On Mon, 2009-10-05 at 10:29 +0200, Jean Delvare wrote:
> On Sun, 04 Oct 2009 21:54:37 -0400, Andy Walls wrote:
> > On Mon, 2009-10-05 at 01:23 +0300, Aleksandr V. Piskunov wrote:

> > > 
> > > So question is:
> > > 1) Is it ok to decrease udelay for this board?
> > 
> > Sure, I think.  It would actually run the ivtv I2C bus at the nominal
> > clock rate specified by the I2C specification.
> 
> FWIW, 100 kHz isn't the "nominal" I2C clock rate, but the maximum clock
> rate for normal I2C. It is perfectly valid to run I2C buses as lower
> clock frequencies. I don't even think there is a minimum for I2C (but
> there is a minimum of 10 kHz for SMBus.)

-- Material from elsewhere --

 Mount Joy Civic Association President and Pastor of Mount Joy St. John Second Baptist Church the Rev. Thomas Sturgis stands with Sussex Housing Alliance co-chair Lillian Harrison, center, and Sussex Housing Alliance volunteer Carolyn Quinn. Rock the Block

Ah, thanks.  I was too lazy to go read my copy of the spec.


> But of course different hardware implementations may not fully cover
> the standard I2C or SMBus frequency range, and it is possible that a TV
> adapter manufacturer designed its hardware to run the I2C bus at a
> fixed frequency and we have to use that frequency to make the adapter
> happy.

This is very plausible for a microcontroller implementation of an I2C
slave, which is the case here.


> > I never had any reason to change it, as I feared causing regressions in
> > many well tested boards.
> 
> This is a possibility, indeed. But for obvious performance reasons, I'd
> rather use 100 kHz as the default, and let boards override it with a
> lower frequency of their choice if needed. Obviously this provides an
> easy improvement path, where each board can be tested separately and
> I2C bus frequency bumped from 50 kHz to 100 kHz after some good testing.
> 
> Some boards might even support fast I2C, up to 400 kHz but limited to
> 250 kHz by the i2c-algo-bit implementation.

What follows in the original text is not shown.